I’m writing to tell you that you continue to fail to convince me of the benefits of studying classics, particularly the learning of Latin – my own experience of which (I concede) is entirely vicarious. Both my two sons were fortunate in winning music scholarships to Eton College, where Latin still looms large on the timetable. Both sons dropped the subject at the earliest opportunity, which they considered nowhere near early enough. Similarly, time spent enduring Latin lessons as choristers at St Paul’s Cathedral was time ill-used – the boys were hard-pressed enough as it was, what with singing in the cathedral for three hours a day, six days a week – and with three instrumental skills to practise. Now in their mid-twenties, neither of them know any more Latin than I do (i.e. semper fidelis, per adua per astra, quid pro quo, illegitimi non carborundum, i.e., e.g. and etcetera).
In the late 1960s I was condemned to squander my teen years at what is now known as a bog-standard comprehensive, one of the first in the country. I recall in 1967 (at a prospective parents’ and pupils meeting) a heated exchange between an irate ex-merchant marine parent and the headmaster of the Brave New School on the value of a grounding and/or GCE qualification in Latin. Granted, the headmaster was a self-approbating creep, but I’m grateful that he took the decision to exclude Latin from our curriculum. I’m confident that my teenage self would have been even less motivated to learn Latin than I was to learn French, chemistry and cricket (unless, of course, the teachers of said subjects had been particularly inspiring – which they weren’t, because inevitably, most school teachers are not).
Naturally, most pupils enjoy some subjects but not others; for myself, I liked technical drawing. I was very good at technical drawing and could see a point in me learning it. (I was second-best in a school of 1,200 pupils.) However, I wouldn’t have wished two hours a week of technical drawing on anyone that didn’t find it stimulating or relevant to their personal skill set, range of interests or ambition – or for whom drawing a straight line with a sharp pencil induced mental and physical torment or stupifying boredom. Similarly, I can’t see any justification for sticking Latin on people who neither enjoy it nor show aptitude for it. In fairness, I would happily say the same about any subject one might care to name (particularly if one cared to name mathematics) and even my own specialism, classical music. In fact, I long ago came to the conclusion that for many children school is a form of imprisonment and we’d all be no worse off if the system (at least, in its present and antiquated form) was scrapped.

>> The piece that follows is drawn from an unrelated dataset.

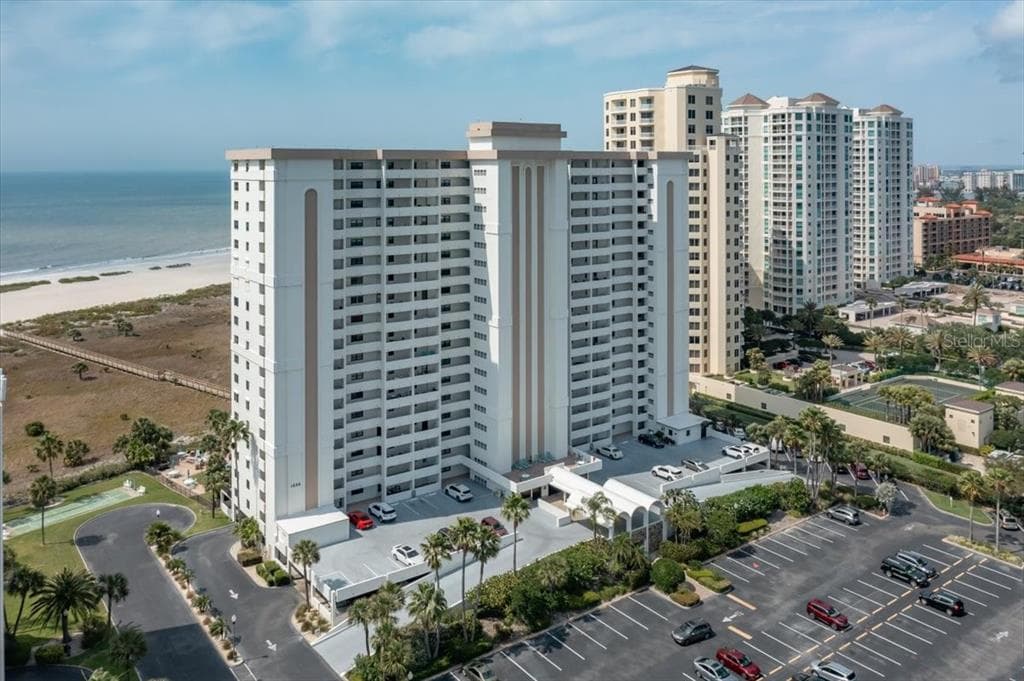 1230 GULF BOULEVARD UNIT 202 CLEARWATER, FL 33767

You say in your newsletter of February 22nd that the British ruling class were taught classics to almost the exclusion of all else, but you don’t provide any supporting evidence. Moreover, the fact of the ruling class attending hundreds of hours of lessons doesn’t prove that they learned anything – or, more pertinently, that they learned anything useful. Nor do you provide evidence to support the notion that the British ruling class comprised people on whom we should now reflect with admiration and gratitude. Perhaps, one might argue, the British ruling class was (and still is) just a bunch of over-privileged inbred male chauvinist pigs who were educated at expensive private schools, the management of which lacked (and still lacks) imagination and a capacity for original thought. You also provide no evidence whatsoever that the British ruling class were/are particularly good at being rulers. Some might argue that most of them were/are at best unlikeable – and at worst, arrogant, greedy, bungling misanthropic sadists.
As for our nation’s many outstanding engineers and scientists, it may be true that Isambard Kingdom Brunel attended a school at which classics was taught, but I imagine that it was his studies of engineering that enabled him to oversee the building of the first tunnel under the Thames. Did Joseph Bazalgette somehow intuit a design for London’s sewage system by studying ancient languages? The astonishing achievements of the lighthouse Stevensons could hardly have been improved by an in-depth knowledge of Latin and Greek literature. The stonemason-made-good,Thomas Telford (or The Colossus of Roads, as classicists might prefer to remember him) was hardly a scholar. In my own field I’ve never heard it suggested that the world would now be a better place if Mozart, Bach and Beethoven had spent less time pursuing their passions and more time deciphering very old manuscripts written in obsolete languages.
Your argument in support of the teaching of classics fails to convince me, but that may be because I still haven’t worked out what your argument actually is. Perhaps I’ve missed something – or maybe I’m just a bit thick, but it seems to me that all you’re saying is that classics is a jolly good thing, because it is. On the other hand, perhaps if I’d studied classics I’d now be clever enough to figure out what it is you’re trying to tell me. Equally, it could be argued that if studying classics had done you as much good as you seem to imply, you’d be making a more persuasive case for it.
I willingly concede that if some individuals enjoy studying classics (and there’s nowt as queer as folk) there’s no particular reason why this peculiar pleasure should be taken away from them, but I don’t see what the big deal is.